Pixels to Graphs by Associative Embedding

Authors: Alejandro Newell, Jia Deng

NeurIPS 2017 | Conference PDF | Archive PDF | Plain Text | LLM Run Details

Reproducibility Variable Result LLM Response
Research Type Experimental We benchmark on the Visual Genome dataset, and demonstrate state-of-the-art performance on the challenging task of scene graph generation.
Researcher Affiliation Academia Alejandro Newell Jia Deng Computer Science and Engineering University of Michigan, Ann Arbor {alnewell, jiadeng}@umich.edu
Pseudocode No No pseudocode or clearly labeled algorithm block was found in the paper.
Open Source Code No No explicit statement about releasing source code or a link to a code repository was found.
Open Datasets Yes We evaluate the performance of our method on the Visual Genome dataset [14]. Visual Genome consists of 108,077 images annotated with object detections and object-object relationships, and it serves as a challenging benchmark for scene graph generation on real world images.
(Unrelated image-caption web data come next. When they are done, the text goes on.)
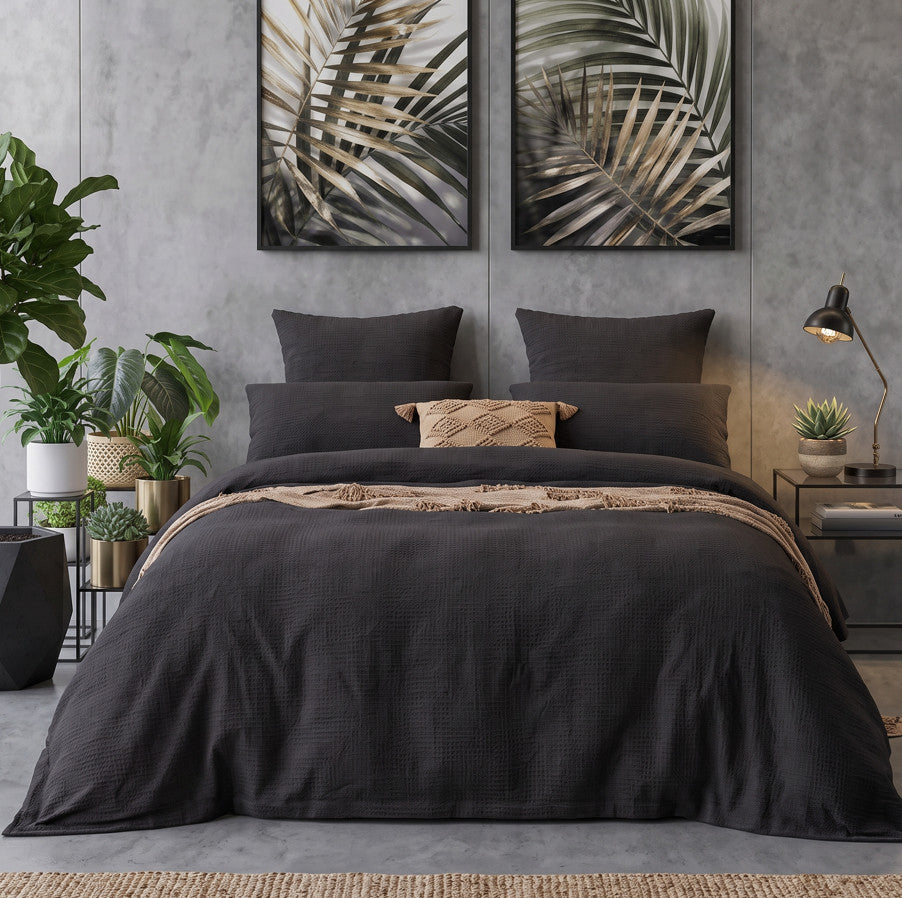 Black jacquard quilt cover set with tan throw
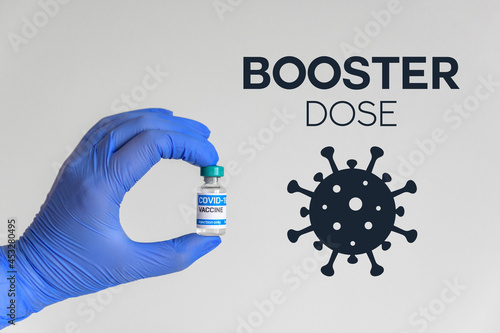 Medical worker holding vaccine in front of white background and booster dose text photo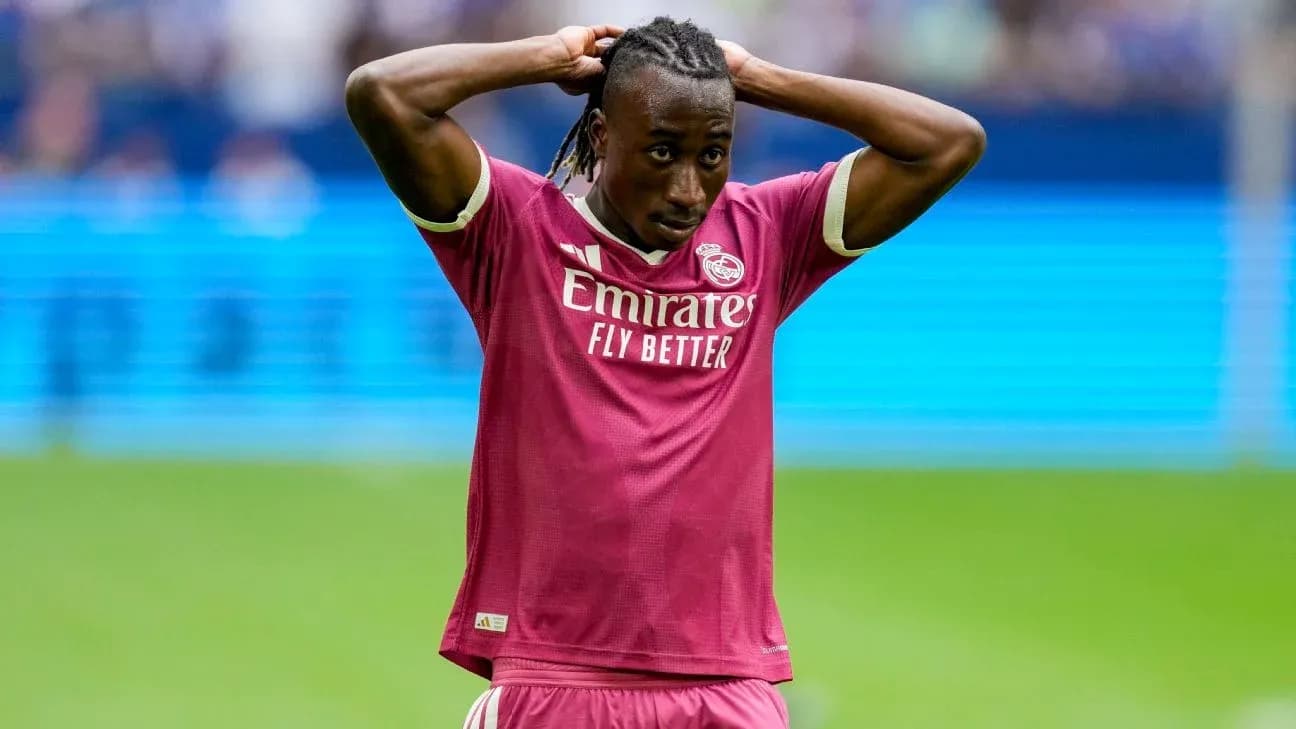 Player in pink jersey holding head during match Player in pink jersey holding head during match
Dataset Splits No The paper states, "We use the same categories, as well as the same training and test split as defined by the authors [26]", but does not provide specific percentages or counts for a validation split within the text.
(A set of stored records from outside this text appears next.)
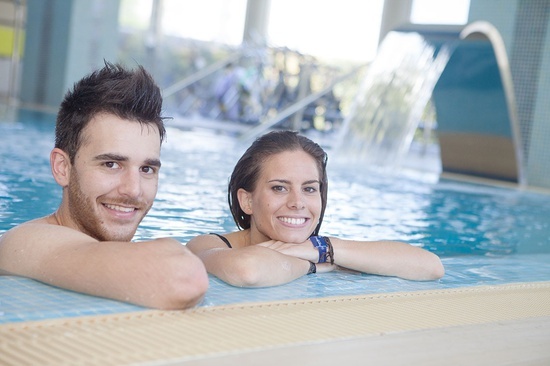 a man and a woman are leaning on the edge of a swimming pool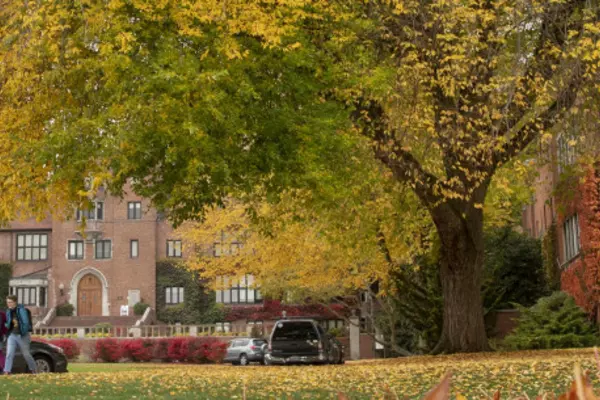 People walking across campus during Fall season colors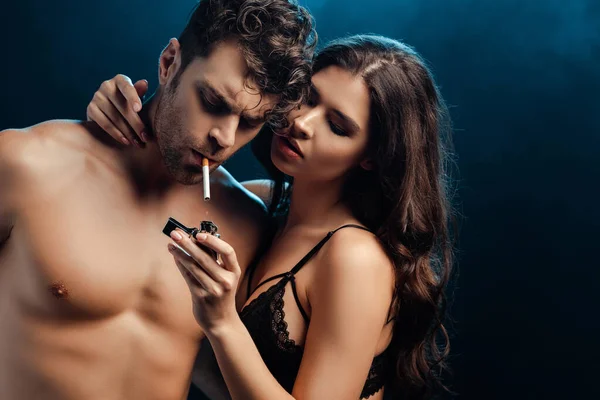 Sexy Woman Bra Holding Lighter Embracing Boyfriend Cigarette Black Background — Stock Photo, Image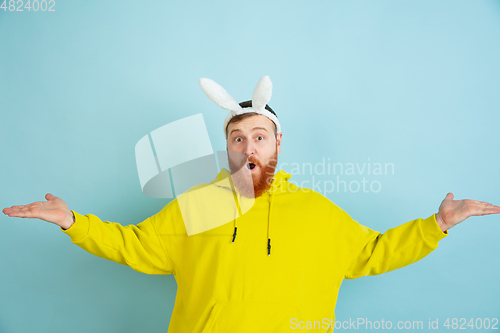 Image of Easter bunny man with bright emotions on blue studio background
Hardware Specification No No specific hardware details (like GPU models, CPU models, or memory specifications) used for running experiments were mentioned in the paper.
Software Dependencies No We train a stacked hourglass architecture [21] in TensorFlow [1]. (While TensorFlow is mentioned, a specific version number is not provided, nor are other software dependencies with versions.)
Experiment Setup Yes The input to the network is a 512x512 image, with an output resolution of 64x64. ... doubling the number of features to 512 at the two lowest resolutions of the hourglass. The output feature length f is 256. All losses classification, bounding box regression, associative embedding are weighted equally throughout the course of training. We set so = 3 and sr = 6 which is sufficient to completely accommodate the detection annotations for all but a small fraction of cases.